__DATA__
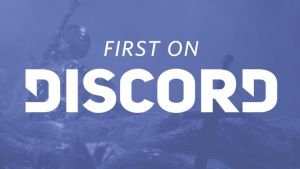 First on discord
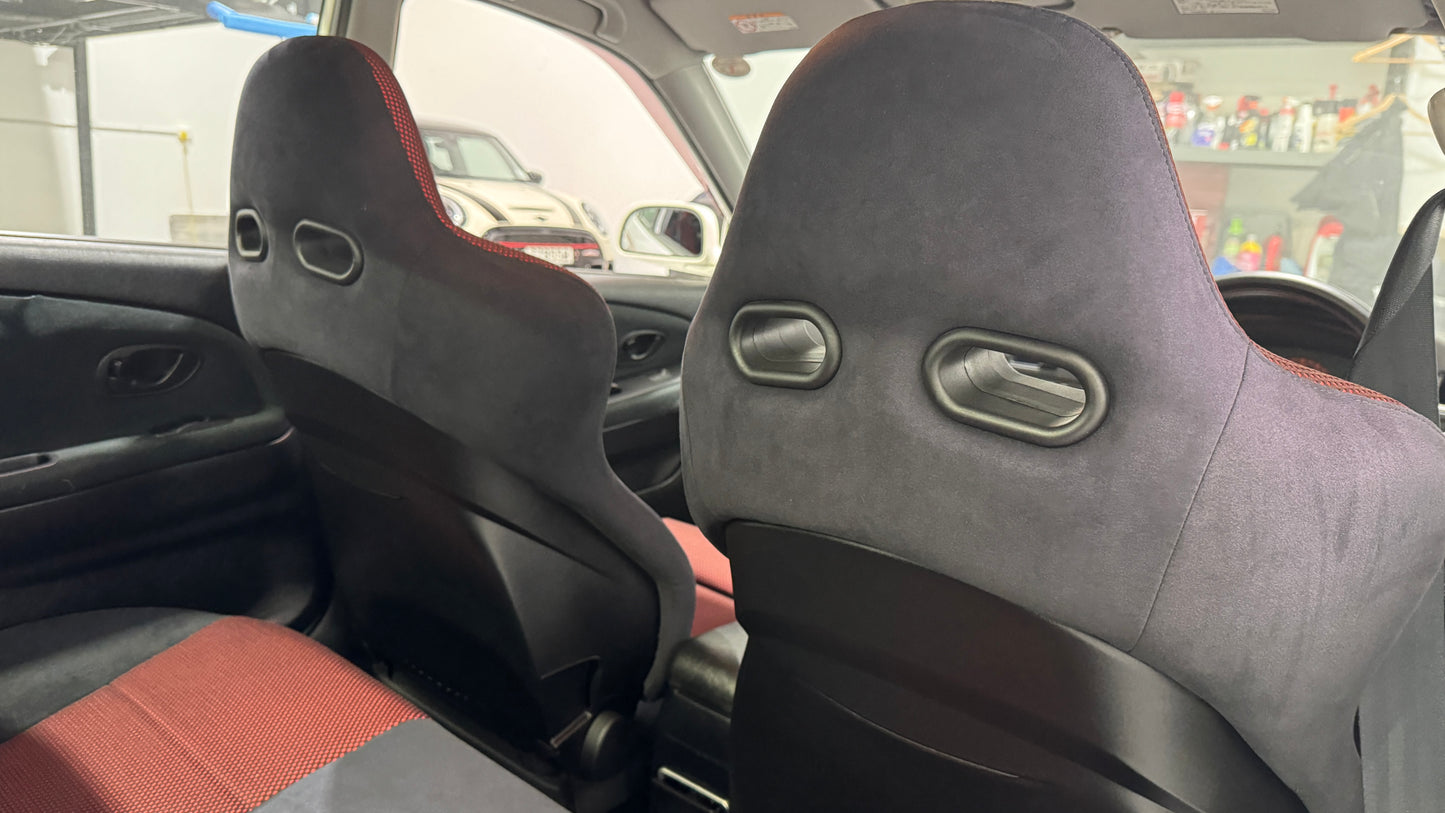 2000 Mitsubishi Lancer Evo 6.5 Tommi Makenen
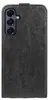Pro Samsung Galaxy A17 5G / 4G Vertical Leatherette Flip Náhled obrázku produktu 3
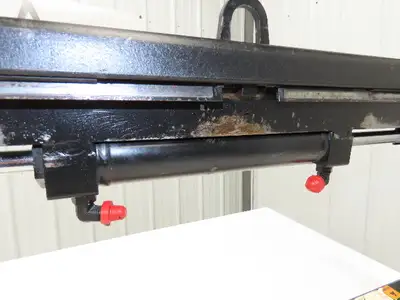 Used CASCADE _UNKNOWN_ Forklift Attachments Indiana US | Arrow Industrial #1366962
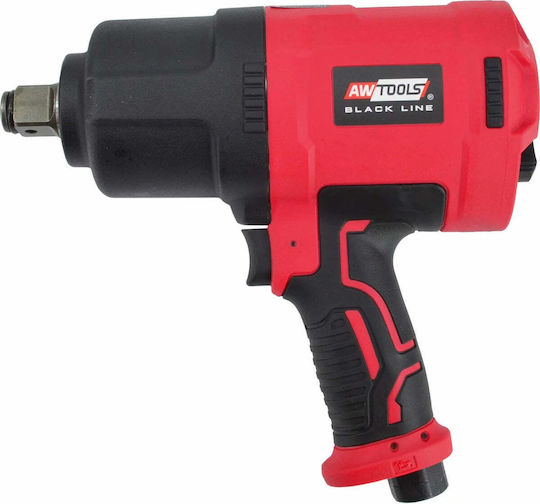 Пневматичен ударен гайковерт Awtools 3/4" 2300nm Black Line
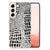 Samsung Galaxy S22 TPU Hoesje Slangenprint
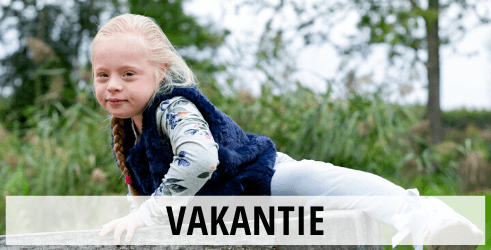 Op vakantie met kinderen met een beperking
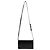 Salvatore Ferragamo Mini Bag Double Gancini Nero - vista 5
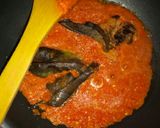 Foto langkah ke 3 dari resep Oseng Mercon Ampela Ayam.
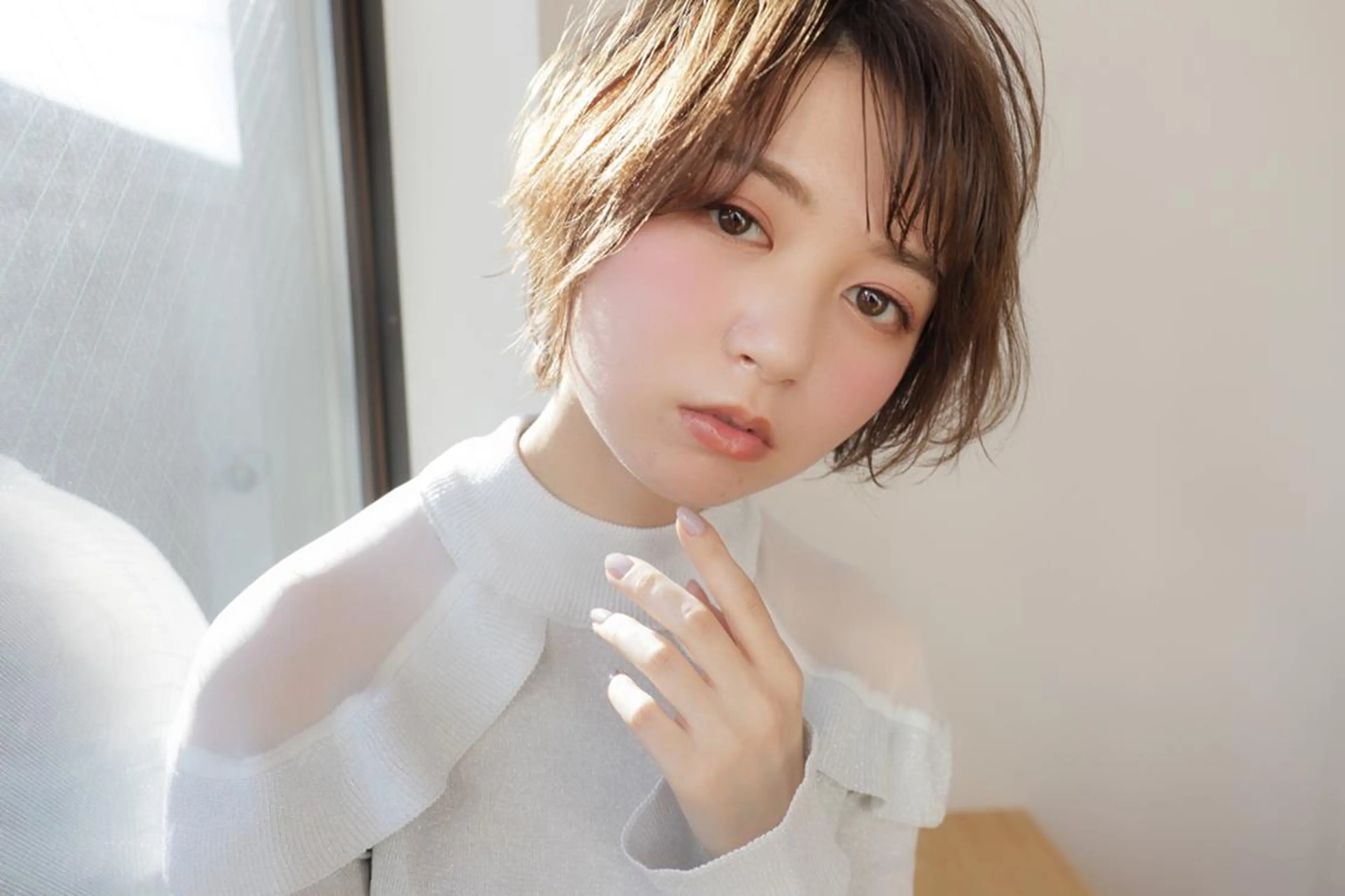 1日３名まで⭐️ホームケアつき💕期間限定の今だけ💕人気メニュー🌟【当日相談カラー】＋クイックTRの写真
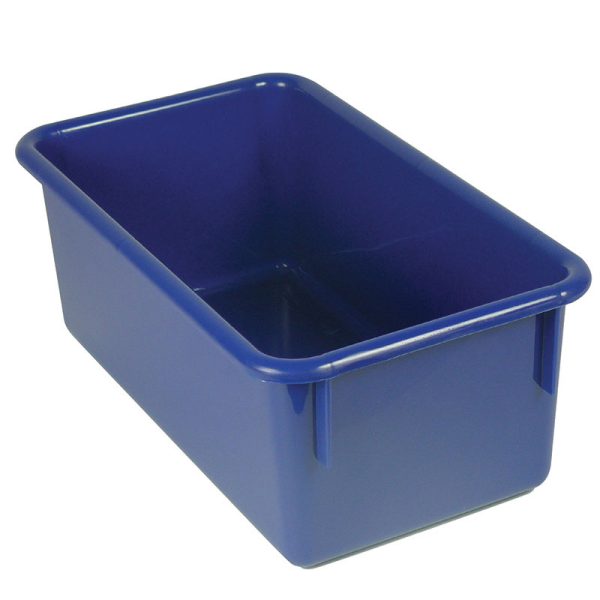 Stowaway® Tray no Lid, Blue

__EXERCISE BRIEF__
From the line with "Foto langkah ke" down to the end of the entries, retype each line exactly as written, but drop the pictures.

__ANSWER BOX__
 Foto langkah ke 3 dari resep Oseng Mercon Ampela Ayam.
 1日３名まで⭐️ホームケアつき💕期間限定の今だけ💕人気メニュー🌟【当日相談カラー】＋クイックTRの写真
 Stowaway® Tray no Lid, Blue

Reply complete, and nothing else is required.